Teaching in Mexico (or, Being a Human)

Friday, February 28, 2014 | |

Since I've been in Mexico, I've mostly posted about my travels – pretty photos, some nice little anecdotes, etc. – but I haven’t written much about my daily life, about my work, mostly because it’s a somewhat daunting task. Today, I have just enough angsty frustration to get me going and I’m going to tell you all about it. 

As (most of) you know, I’m here in Mexico through the US Fulbright program. I was placed as an English Teaching Assistant (ETA) at a Normal (a teachers college) in Toluca, the capital of the state of Mexico. There are twenty-three of us ETAs here in the country and our placements vary greatly. Some of us are at universities, others at high schools, a few are at middle schools, and several ETAs move around between more than one school.
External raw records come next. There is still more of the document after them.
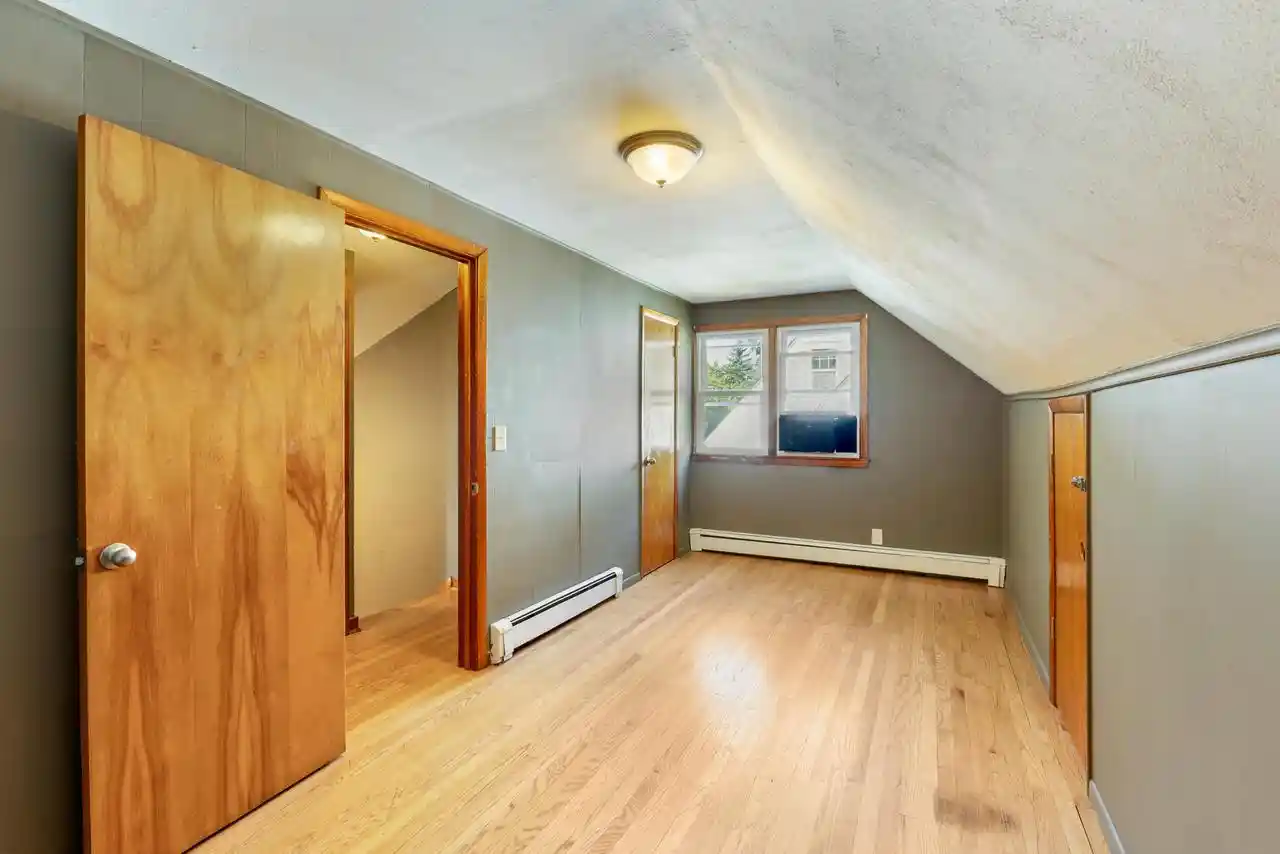 4th image of 8505 W Arthur Avenue Avenue, West Allis, WI 53227 | MLS# 1977363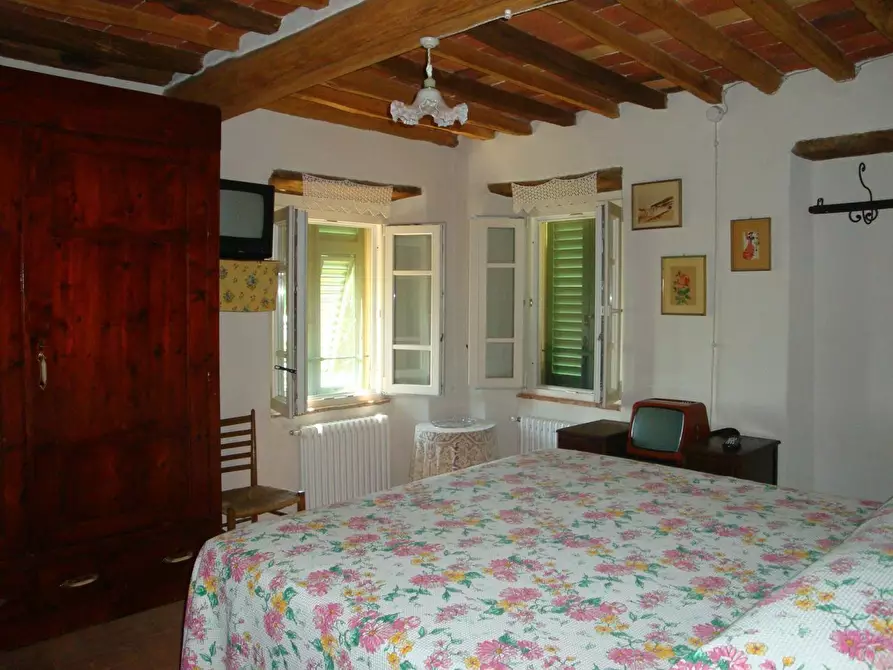 Immagine 14 di Casa colonica in vendita  a Massarosa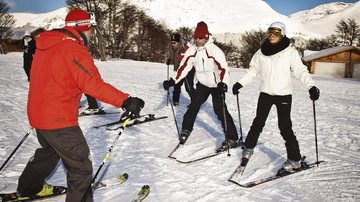 Betty Lago e o casal Giuliano Girondi e Rachel Ripani ouvem as dicas do professor João Goes, no exclusivo centro de esqui argentino. - Cadu Pilotto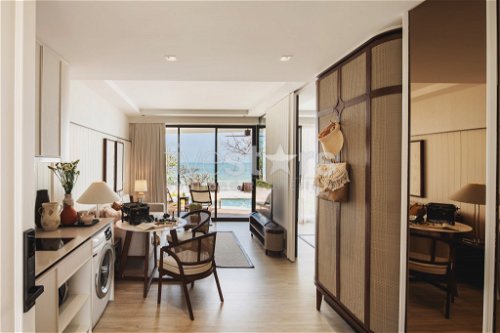 Intercontinental Residence : Ultimate Luxury Beachfront Condo’s 3782911231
Some people teach academic classes, like me, and others mostly act as tutors or give cultural presentations. 

 Our positions are not full-time by any means. I work four days a week, but only for a few hours each day. This semester, I’m generally at school from 7 to 10 on Mondays, and from 10 to 3 or so Tuesday through Thursday. I’m teaching a conversational English workshop and “Historical Evolution of the English Language”, and co-teaching “English Literature” and “Academic Reading and Writing.” 


 Most days at school are punctuated with moments of joy and moments of frustration. I love teaching and I love my students. I love when we have little breakthroughs and I love when I learn from them. Those are the things that make me happy and keep me from losing my mind. 
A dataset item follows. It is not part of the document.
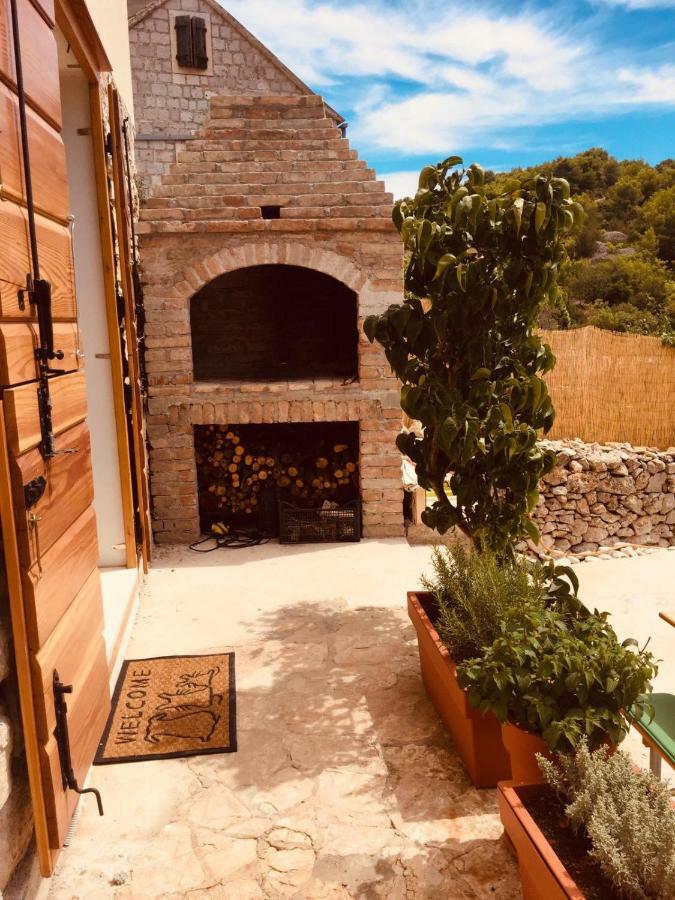 Villa Duboka, Otok Vis Komiža Exterior foto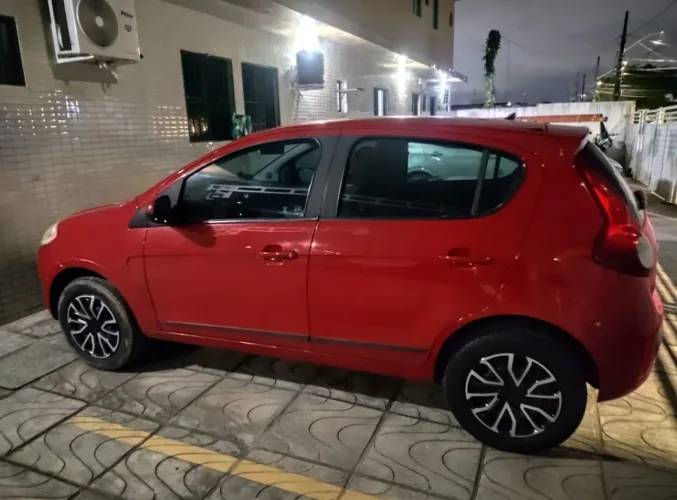 Fiat Palio Essence 1.6 Flex 16V 5P 2014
There are also plenty of things that don’t make me happy, plenty of things that make me feel like I’m part of some elaborate practical joke. There are unused SMART Boards in most of the classrooms, but no classroom sets of text books. One of my co-workers has two different classes scheduled at the same time – meaning that one of the classes just doesn’t have teacher because she’s not superhuman and she can’t be in two places at once - and the administration refuses to fix it. At the beginning of the semester, the third year students had three classes without teachers – meaning they literally just sat there for 12 hours a week – which is why I’m now teaching “Historical Evolution.” Class gets cancelled and none of the teachers are notified. The laziest teachers generally make the most money (yay for corrupt tenure policies!) and the REALLY terrible ones get promoted out of our department. The curriculum provided by the government is insane (the anthology for “Historical Evolution” includes the entire text of Heart of Darkness, among other such absurdities) so every semester, each teacher either makes a new syllabus and collection of lesson plans from scratch or they give up and teach nonsense. And that’s just scratching the surface. 

 I know this not a Mexico problem. I know this kind of absolute educational craziness happens in the United States. In fact, the majority of my students (AND coworkers) here in Toluca remind me so much of the adult students I’ve worked with in the United States and that’s what scares me. Every day, I watch how the education system is failing them. I watch them memorize facts as their critical thinking skills go undeveloped. I watch them give up and get lazy. And as much I try to be a good teacher for them, I get discouraged and heavy-hearted and I start to feel powerless because the system is big and I am small. 


Today, I don’t even want to attempt to sketch out some large-scale, hypothetical solution. I don’t know where to start. Today, I just want to give you a sense of how being a teacher (or a social worker or a human rights advocate or a doctor or an ethically-minded entrepreneur or a loving parent or just a person who cares) pulls at you. It fills you up with joy when little advances are made, when hope is glimpsed, but it also weighs you down with despair. 

But that’s the human condition, isn't it? I mean, no matter what our job or title is, if we’re choosing to see the world for what is and trying to live in a way that affirms beauty and love even in the face of persistent darkness, we will know delight and we will know heartache, and we will know the awful tension of experiencing both in the same moment. 

Like I said, I have no solutions, but today, I’m just letting myself feel that. I’m trying to face the absurd challenge of “making a difference” not with overly idealistic naiveté or hardened cynicism, but a realistic and clear-eyed understanding of the limits of what I can do and the necessity to do it anyway. I’m trying to see the problems and not get overwhelmed by them. I’m trying to walk into the classroom, do the best I can, to cry when necessary, to laugh when necessary, to be silent when necessary. And I’m seeking comfort in the knowledge that I’m not alone in this experience, even when I feel like I am. 

As Dorothy Day wrote, “we have all known the long loneliness and we have learned that the only solution is love and that love comes with community.” 

So thank you for reading and thank you for being part of the loving community that sustains me. I hope that you are along for the struggle and that you are ready to share in all the wonder and horror and everything in between because, well, there’s a whole lot of it to go around and it’d be a shame to miss out on it, because that’s the stuff of life.

1 comments :

Anonymous said...

Finally snagged a moment to read this -- aptly worded, something I've felt many times, but never expressed as eloquently as this. Keep thinking through it, keep living in the wonder and the terror of it all, keep being true to what you feel. That last one is a gift that many people lose or stamp out - you do it beautifully well, even though I know it's hard. Very grateful to know you!